Dataset content:
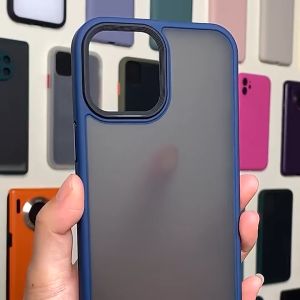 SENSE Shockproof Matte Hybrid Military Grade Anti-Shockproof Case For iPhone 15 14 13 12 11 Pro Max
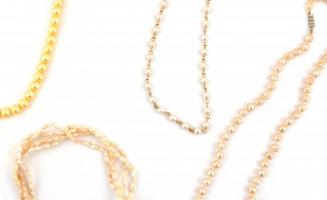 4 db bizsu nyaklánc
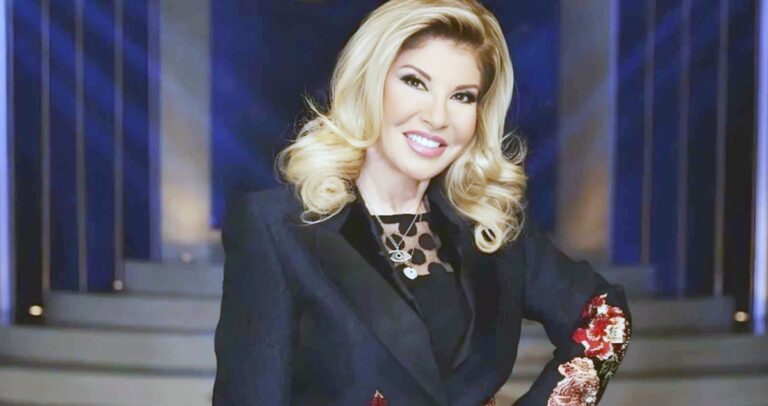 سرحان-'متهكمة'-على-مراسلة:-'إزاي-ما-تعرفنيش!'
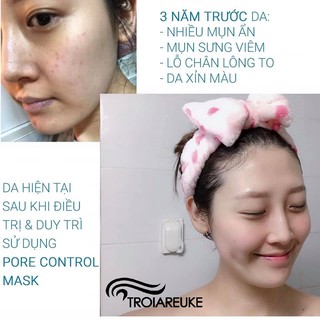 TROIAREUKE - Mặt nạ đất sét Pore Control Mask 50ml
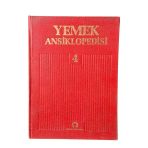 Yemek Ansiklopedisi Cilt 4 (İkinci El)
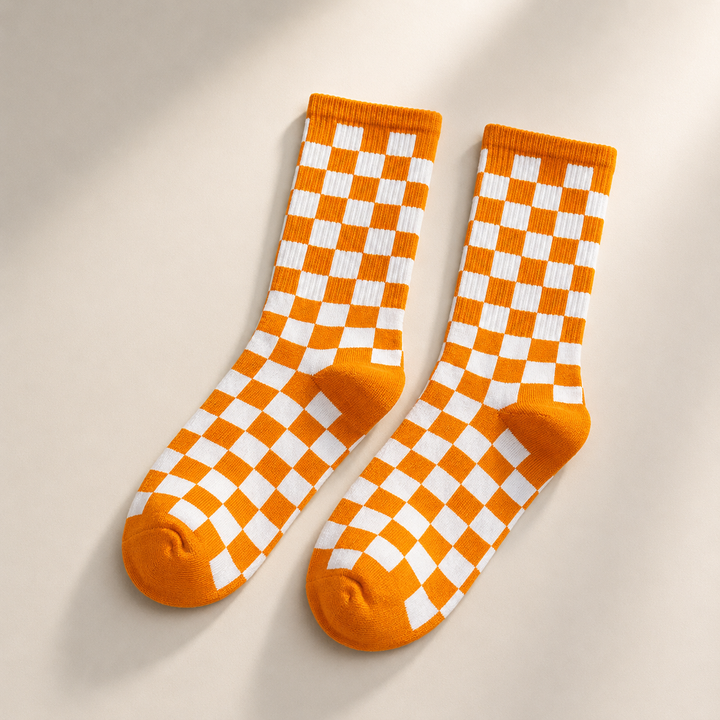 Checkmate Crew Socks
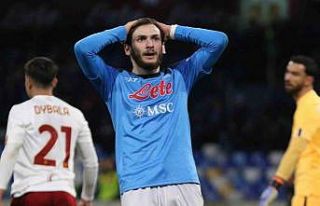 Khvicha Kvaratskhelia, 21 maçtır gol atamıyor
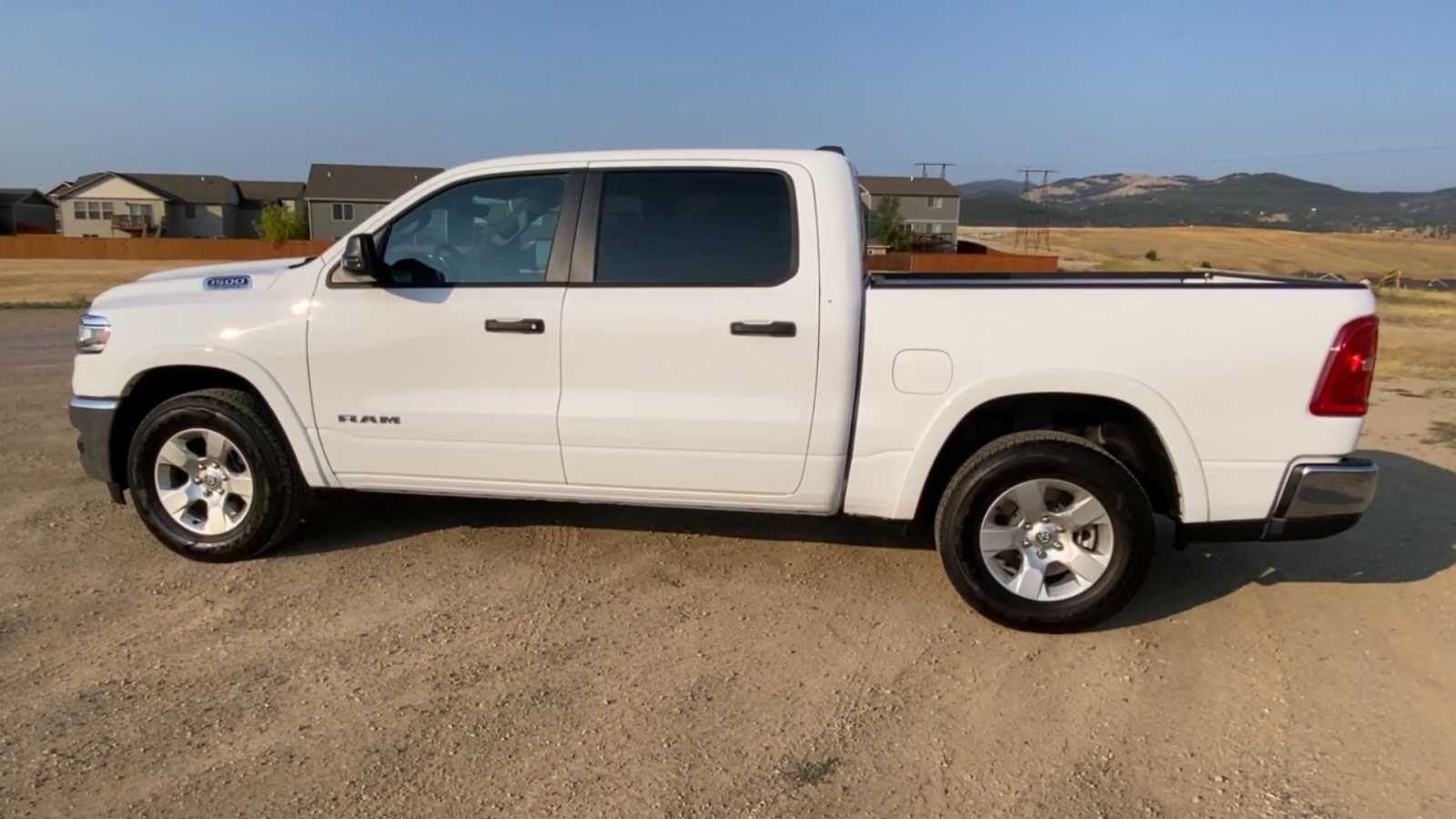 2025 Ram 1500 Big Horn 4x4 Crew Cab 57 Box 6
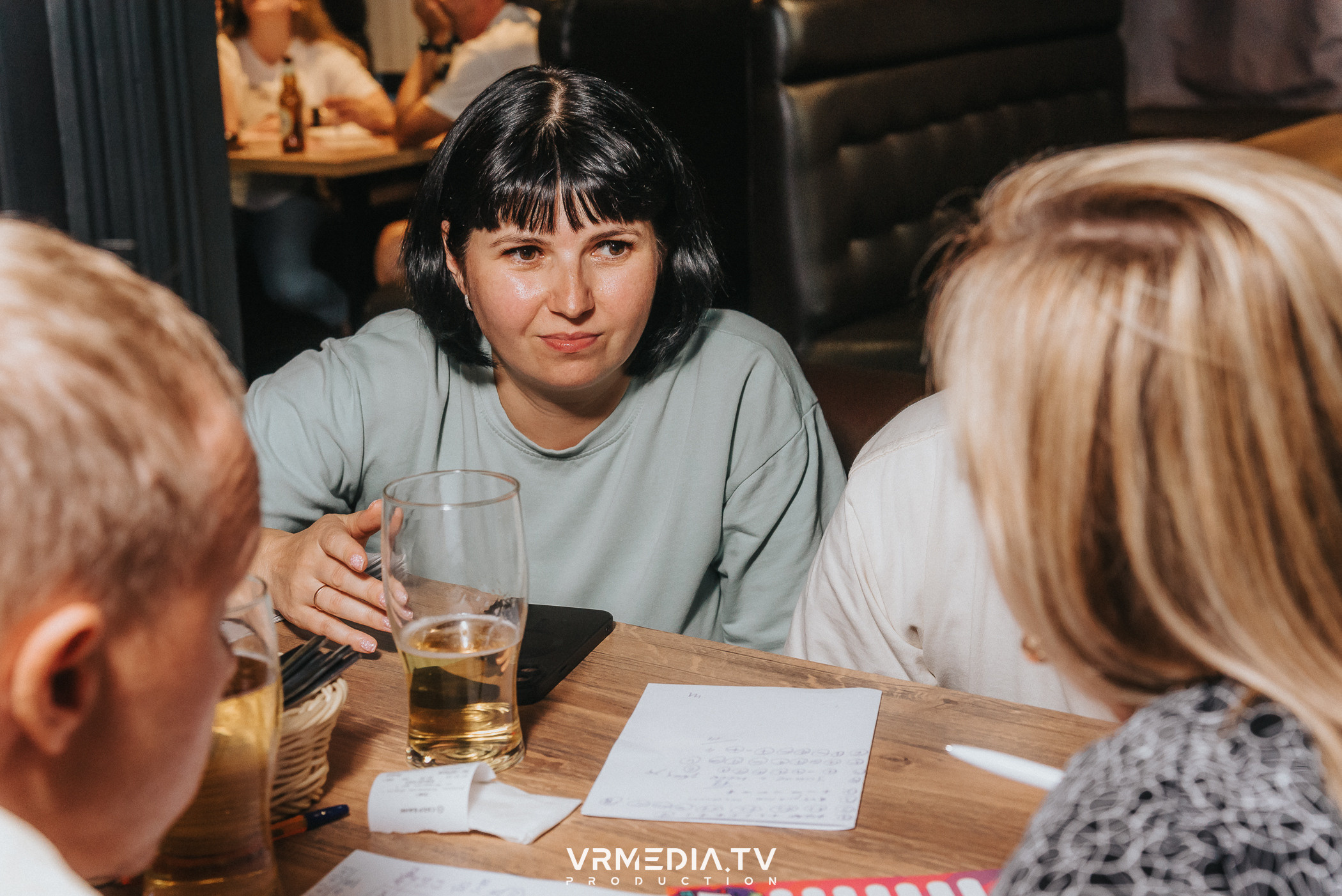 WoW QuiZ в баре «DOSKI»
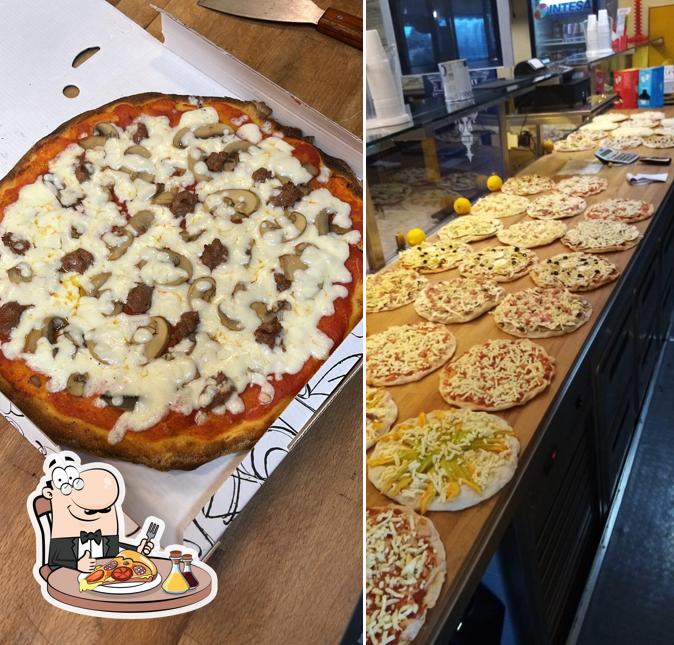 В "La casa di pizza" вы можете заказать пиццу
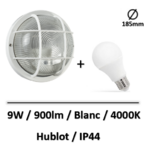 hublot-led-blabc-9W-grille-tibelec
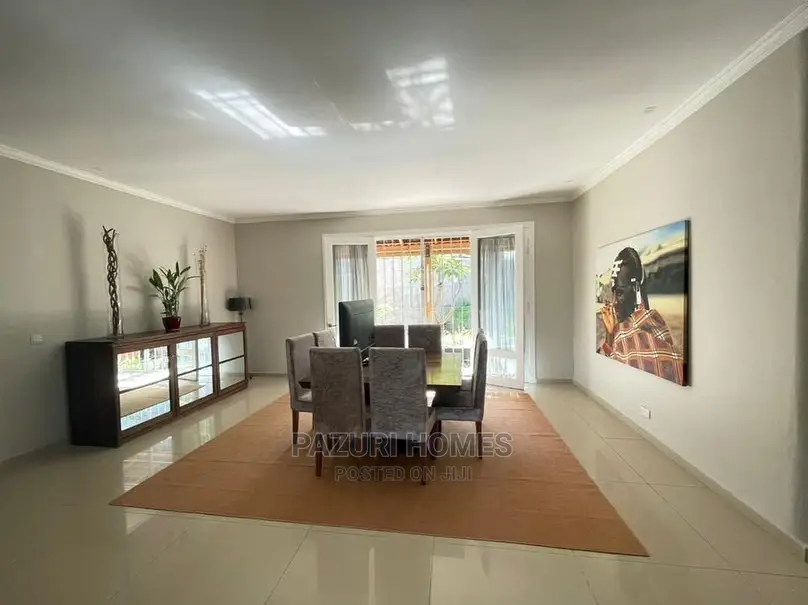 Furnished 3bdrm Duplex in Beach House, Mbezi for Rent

Exercise objective:
The answer should be the complete listing, set down exactly, without pictures.

Result:
 SENSE Shockproof Matte Hybrid Military Grade Anti-Shockproof Case For iPhone 15 14 13 12 11 Pro Max
 4 db bizsu nyaklánc
 سرحان-'متهكمة'-على-مراسلة:-'إزاي-ما-تعرفنيش!'
 TROIAREUKE - Mặt nạ đất sét Pore Control Mask 50ml
 Yemek Ansiklopedisi Cilt 4 (İkinci El)
 Checkmate Crew Socks
 Khvicha Kvaratskhelia, 21 maçtır gol atamıyor
 2025 Ram 1500 Big Horn 4x4 Crew Cab 57 Box 6
 WoW QuiZ в баре «DOSKI»
 В "La casa di pizza" вы можете заказать пиццу
 hublot-led-blabc-9W-grille-tibelec
 Furnished 3bdrm Duplex in Beach House, Mbezi for Rent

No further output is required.